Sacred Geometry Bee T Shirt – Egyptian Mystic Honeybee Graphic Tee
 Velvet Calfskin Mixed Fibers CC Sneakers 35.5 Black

...

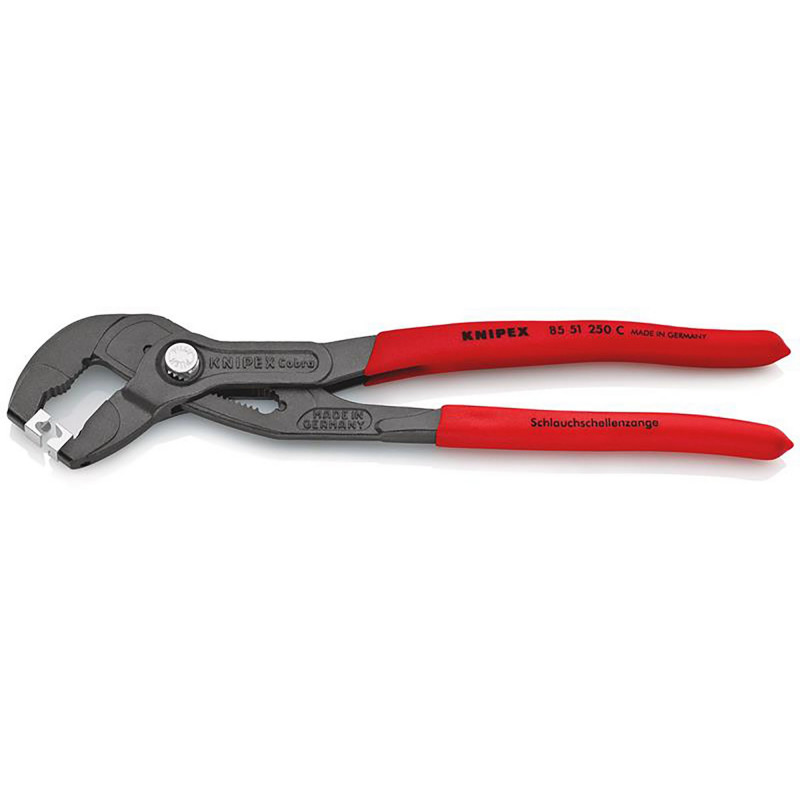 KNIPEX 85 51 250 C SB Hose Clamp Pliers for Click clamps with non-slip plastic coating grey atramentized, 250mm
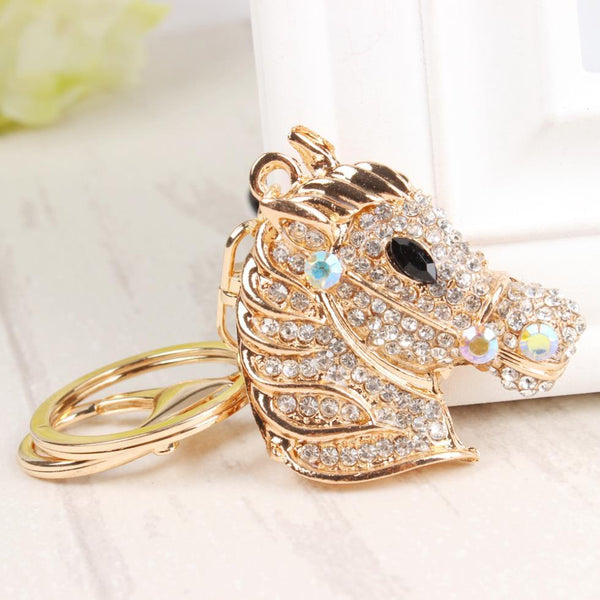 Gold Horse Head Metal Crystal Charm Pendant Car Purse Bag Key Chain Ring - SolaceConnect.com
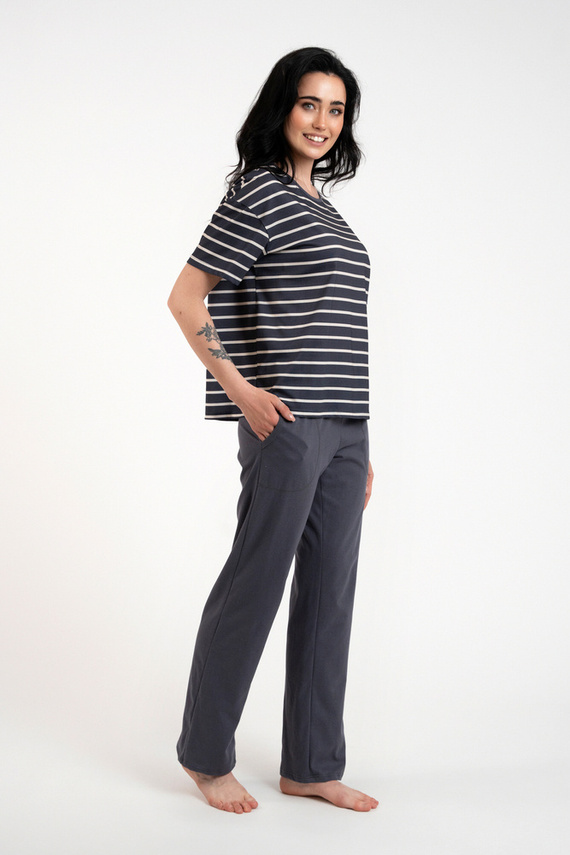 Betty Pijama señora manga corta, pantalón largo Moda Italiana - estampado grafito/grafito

Aim of the task
Print exactly, with no pictures, the lines above from the one that holds "Gold Horse Head" through the one that holds "Betty Pijama señora", both of them included.

Exercise result
 Gold Horse Head Metal Crystal Charm Pendant Car Purse Bag Key Chain Ring - SolaceConnect.com
 Betty Pijama señora manga corta, pantalón largo Moda Italiana - estampado grafito/grafito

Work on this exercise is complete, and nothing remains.